I had the same problem with my vampire costume too. Now I have decided to go as a gothic vampire - I have a pencil skirt, corset and a blouse (all black). Also some lace gloves and high heels. So it has some 40's influence, not really modern. I also have a cool coat, this one. (not purchased for Halloween but for everyday use). Very light blue/grey UV-contacts, fangs and a touch of dripping blood from my mouth help also. 

But that's not really modern so doesn't help you, but how about leather, pvc etc? I was going to be more modern too at first, so I thought of skinny leather pants and a corset or modern corset-like belt (mainly cause I have those in my wardrobe already). Maybe leather with a touch of lace for the little renaissance look? I think this is really cool, too http://www.buycostumes.com/Burlesque-Victorian-Vampiress-Adult-Costume/32600/ProductDetail.aspx, but it's not really modern... Just kewl.
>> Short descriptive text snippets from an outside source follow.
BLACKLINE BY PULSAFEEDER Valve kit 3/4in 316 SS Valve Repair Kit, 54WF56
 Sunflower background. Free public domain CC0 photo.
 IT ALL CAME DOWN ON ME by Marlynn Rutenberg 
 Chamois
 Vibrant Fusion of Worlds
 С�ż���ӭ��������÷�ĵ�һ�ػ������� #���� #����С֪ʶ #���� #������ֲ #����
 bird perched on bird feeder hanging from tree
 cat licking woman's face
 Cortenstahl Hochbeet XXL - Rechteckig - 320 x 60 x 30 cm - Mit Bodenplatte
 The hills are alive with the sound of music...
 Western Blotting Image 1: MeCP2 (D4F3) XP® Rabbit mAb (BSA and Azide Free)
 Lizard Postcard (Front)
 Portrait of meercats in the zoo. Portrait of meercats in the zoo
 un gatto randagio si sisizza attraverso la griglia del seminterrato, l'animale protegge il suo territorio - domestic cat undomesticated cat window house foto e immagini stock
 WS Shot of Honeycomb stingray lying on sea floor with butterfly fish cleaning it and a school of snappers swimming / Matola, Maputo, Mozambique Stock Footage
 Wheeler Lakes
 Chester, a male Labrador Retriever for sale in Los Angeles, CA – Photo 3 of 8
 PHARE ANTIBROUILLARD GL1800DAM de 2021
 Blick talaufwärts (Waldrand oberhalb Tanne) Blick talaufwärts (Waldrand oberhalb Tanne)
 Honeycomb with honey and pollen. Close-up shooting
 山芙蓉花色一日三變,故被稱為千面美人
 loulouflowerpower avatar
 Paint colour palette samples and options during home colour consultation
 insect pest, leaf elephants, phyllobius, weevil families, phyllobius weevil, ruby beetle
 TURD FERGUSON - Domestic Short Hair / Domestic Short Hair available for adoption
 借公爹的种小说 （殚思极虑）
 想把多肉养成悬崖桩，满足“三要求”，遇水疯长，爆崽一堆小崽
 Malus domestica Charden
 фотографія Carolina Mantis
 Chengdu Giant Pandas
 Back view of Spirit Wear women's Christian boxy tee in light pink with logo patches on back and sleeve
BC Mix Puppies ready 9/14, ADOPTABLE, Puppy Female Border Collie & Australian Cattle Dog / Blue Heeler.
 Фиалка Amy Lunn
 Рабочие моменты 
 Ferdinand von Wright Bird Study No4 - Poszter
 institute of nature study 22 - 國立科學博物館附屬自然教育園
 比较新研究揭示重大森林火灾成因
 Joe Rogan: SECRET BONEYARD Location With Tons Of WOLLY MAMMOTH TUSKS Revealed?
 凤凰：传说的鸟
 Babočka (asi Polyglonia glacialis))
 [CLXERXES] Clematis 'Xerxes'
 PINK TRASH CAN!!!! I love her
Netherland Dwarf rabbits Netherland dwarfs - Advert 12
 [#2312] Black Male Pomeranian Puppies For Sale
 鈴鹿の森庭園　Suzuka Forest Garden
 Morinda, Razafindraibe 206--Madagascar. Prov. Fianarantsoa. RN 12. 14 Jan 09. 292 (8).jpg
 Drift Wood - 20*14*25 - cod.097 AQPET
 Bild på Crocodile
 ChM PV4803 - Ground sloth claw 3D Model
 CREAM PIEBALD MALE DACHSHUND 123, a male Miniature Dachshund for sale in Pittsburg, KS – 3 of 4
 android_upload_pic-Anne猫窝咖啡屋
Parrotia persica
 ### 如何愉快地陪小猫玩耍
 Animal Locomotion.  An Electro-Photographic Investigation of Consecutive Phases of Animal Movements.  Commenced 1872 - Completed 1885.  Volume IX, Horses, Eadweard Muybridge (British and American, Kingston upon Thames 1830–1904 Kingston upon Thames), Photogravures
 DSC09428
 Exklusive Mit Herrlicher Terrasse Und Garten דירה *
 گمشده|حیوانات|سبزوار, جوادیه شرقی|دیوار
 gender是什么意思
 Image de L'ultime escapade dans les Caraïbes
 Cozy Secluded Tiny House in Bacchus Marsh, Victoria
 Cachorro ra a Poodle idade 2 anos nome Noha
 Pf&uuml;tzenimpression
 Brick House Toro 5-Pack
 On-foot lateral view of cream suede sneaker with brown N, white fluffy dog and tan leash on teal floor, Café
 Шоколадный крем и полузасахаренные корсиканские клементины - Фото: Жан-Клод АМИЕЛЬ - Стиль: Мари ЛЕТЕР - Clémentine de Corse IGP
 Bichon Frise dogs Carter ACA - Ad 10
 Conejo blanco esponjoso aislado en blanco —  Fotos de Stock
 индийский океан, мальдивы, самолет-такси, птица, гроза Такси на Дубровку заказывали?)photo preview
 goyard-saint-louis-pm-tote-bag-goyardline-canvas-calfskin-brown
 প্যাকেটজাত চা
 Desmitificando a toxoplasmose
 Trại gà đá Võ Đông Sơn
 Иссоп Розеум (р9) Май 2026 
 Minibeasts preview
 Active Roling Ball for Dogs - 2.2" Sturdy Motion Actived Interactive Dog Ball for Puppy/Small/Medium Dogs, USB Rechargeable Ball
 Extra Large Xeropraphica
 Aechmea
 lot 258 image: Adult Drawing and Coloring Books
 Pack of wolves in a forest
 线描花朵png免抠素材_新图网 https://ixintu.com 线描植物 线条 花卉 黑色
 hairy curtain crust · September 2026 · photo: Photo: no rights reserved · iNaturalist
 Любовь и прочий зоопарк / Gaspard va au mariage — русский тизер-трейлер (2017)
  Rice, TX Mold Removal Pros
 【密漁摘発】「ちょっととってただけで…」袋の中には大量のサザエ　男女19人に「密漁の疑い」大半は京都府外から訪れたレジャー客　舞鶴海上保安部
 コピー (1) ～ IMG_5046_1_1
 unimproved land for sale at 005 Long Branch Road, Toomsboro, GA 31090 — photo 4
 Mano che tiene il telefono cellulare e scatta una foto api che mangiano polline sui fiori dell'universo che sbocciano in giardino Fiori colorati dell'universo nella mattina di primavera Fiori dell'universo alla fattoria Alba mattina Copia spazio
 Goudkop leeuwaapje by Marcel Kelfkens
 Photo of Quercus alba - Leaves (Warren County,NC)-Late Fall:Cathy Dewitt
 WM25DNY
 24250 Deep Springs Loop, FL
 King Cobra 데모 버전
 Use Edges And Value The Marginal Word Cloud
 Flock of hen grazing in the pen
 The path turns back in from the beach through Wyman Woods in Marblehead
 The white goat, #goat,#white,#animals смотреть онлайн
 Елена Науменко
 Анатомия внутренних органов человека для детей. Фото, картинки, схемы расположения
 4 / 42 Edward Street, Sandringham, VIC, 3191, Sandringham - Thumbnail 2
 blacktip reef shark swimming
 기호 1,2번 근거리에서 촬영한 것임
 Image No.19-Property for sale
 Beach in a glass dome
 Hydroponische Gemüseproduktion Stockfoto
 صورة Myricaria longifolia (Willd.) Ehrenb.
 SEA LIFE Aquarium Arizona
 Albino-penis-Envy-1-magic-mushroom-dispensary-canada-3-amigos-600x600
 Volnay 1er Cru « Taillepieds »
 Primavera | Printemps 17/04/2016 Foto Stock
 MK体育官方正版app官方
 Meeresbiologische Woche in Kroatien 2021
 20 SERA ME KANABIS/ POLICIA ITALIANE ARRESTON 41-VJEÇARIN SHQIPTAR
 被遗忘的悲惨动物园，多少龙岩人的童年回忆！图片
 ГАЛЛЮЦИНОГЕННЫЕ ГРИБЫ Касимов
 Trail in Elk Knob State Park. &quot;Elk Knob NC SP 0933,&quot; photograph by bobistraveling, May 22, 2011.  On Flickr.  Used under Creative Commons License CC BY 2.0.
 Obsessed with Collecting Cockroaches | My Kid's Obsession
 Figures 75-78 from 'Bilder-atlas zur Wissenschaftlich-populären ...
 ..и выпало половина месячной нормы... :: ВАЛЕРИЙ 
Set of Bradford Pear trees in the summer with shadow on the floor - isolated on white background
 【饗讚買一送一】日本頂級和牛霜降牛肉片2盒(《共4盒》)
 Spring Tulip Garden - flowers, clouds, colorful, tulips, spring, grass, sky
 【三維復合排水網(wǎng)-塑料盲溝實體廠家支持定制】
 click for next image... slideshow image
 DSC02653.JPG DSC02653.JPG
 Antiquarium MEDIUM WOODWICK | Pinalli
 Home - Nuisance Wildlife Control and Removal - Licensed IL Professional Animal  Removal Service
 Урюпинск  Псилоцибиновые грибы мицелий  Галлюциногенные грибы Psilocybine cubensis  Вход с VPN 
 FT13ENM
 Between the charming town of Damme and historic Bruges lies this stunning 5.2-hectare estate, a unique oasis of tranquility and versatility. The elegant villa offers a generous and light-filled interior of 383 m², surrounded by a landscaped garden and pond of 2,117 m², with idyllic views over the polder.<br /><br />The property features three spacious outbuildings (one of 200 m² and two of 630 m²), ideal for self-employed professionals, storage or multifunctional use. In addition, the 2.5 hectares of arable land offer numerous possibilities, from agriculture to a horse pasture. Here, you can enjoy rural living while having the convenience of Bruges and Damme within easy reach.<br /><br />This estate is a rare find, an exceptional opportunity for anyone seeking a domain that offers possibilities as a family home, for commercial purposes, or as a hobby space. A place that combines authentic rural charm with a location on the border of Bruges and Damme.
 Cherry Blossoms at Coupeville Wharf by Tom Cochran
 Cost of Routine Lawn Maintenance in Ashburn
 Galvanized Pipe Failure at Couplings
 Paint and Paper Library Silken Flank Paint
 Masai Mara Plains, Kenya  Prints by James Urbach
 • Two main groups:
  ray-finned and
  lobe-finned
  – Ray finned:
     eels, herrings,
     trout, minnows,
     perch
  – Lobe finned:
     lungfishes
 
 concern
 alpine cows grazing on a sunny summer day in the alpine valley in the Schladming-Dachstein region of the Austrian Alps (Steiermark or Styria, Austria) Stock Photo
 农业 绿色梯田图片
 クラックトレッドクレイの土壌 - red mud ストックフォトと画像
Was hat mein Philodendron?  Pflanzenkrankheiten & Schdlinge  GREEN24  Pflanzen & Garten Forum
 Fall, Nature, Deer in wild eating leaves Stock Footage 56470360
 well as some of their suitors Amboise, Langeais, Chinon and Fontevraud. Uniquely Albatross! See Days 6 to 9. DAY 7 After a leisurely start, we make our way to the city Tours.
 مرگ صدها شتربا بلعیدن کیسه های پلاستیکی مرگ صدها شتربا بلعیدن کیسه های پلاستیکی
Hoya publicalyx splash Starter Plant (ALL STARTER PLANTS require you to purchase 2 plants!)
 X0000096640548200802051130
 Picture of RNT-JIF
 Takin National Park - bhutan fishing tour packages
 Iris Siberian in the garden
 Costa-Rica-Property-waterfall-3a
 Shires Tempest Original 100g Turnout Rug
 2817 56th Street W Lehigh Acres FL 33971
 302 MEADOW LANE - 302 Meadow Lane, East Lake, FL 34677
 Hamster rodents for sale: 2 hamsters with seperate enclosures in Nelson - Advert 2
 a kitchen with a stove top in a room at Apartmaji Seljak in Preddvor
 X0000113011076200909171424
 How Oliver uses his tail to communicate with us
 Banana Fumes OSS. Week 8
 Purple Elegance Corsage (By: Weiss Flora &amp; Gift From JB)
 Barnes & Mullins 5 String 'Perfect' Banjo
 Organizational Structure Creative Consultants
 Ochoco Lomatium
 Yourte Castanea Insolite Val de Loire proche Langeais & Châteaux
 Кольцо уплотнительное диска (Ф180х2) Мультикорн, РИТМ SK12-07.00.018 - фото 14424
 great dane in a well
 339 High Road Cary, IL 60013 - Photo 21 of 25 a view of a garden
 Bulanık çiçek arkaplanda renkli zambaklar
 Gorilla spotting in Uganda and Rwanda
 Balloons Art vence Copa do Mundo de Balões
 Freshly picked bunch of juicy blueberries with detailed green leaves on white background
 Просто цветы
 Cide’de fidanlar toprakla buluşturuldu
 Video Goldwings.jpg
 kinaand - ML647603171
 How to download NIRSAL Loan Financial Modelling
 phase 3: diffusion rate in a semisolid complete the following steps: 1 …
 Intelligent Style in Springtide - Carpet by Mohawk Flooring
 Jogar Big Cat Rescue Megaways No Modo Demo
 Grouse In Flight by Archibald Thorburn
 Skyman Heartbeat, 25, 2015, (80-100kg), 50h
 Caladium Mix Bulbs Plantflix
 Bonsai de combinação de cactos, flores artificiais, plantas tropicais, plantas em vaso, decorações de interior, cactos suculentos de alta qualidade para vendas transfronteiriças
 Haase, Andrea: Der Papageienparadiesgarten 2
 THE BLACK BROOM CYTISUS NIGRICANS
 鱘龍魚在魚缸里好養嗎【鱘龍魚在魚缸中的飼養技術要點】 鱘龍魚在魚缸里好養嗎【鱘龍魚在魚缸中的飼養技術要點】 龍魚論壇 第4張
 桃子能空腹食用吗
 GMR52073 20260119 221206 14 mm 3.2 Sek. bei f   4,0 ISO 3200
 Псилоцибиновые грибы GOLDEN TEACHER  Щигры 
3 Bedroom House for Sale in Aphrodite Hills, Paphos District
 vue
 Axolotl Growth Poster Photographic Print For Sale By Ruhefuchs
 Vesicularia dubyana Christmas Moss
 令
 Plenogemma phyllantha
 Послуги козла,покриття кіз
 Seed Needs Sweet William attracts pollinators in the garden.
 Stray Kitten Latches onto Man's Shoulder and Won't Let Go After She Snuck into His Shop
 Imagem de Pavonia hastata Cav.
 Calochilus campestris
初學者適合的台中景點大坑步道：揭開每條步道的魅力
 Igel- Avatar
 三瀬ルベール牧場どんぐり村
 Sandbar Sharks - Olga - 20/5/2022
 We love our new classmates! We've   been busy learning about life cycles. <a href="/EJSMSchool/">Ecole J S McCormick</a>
Can't really give you more advice as I was having that problem too and in the end decided not to be modern. But if I did, I maybe would go with leather or leather-like materials and lace gloves maybe?


----------



## Junit (Sep 1, 2008)

What about an economic sucking vampire in a business suit? You could use one of the old victorian-ish high collar buttoned all the way up shirts under the jacket, covered in blood. And the ruffled lacey cuffs. For more modern I would try to make the costume blend in, but then just have subtle things like contacts, fangs, nails etc. But that's just me


----------



## LadySherry (Oct 4, 2011)

I ruffled shirt is a must. I used a white ruffled at neck and wrists and black rider pants which I tucked into some plain black knee high boots, added a large ring and a vampire necklace with hair pulled back into a loose pony tail.


----------



## PoisonApple (May 21, 2010)

Lenore, that coat is BEAUTIFUL! I wish I had one! Thanks for the ideas, I'm still not sure what to do, but those are helpful suggestions. Also, does anyone have any ideas on how to make myself paler? I don't want to use grease paint, I was hoping for a powder of some kind. I wanted to get the Manic Panic Virgin pressed powder, but can't find it anywhere. Do you know of any other white face powder, or one I could maybe make myself?


----------



## Instant Monsters (Jun 15, 2011)

If you're looking for makeup, check out our Vampyre prosthetic.









You can use regular theatrical cream makeups to make yourself paler, you don't need anything as intense as greasepaint. Add a drop or two of castor oil if you use it on rubber prosthetics.

As for powders, baby powder is about as white as you can get


----------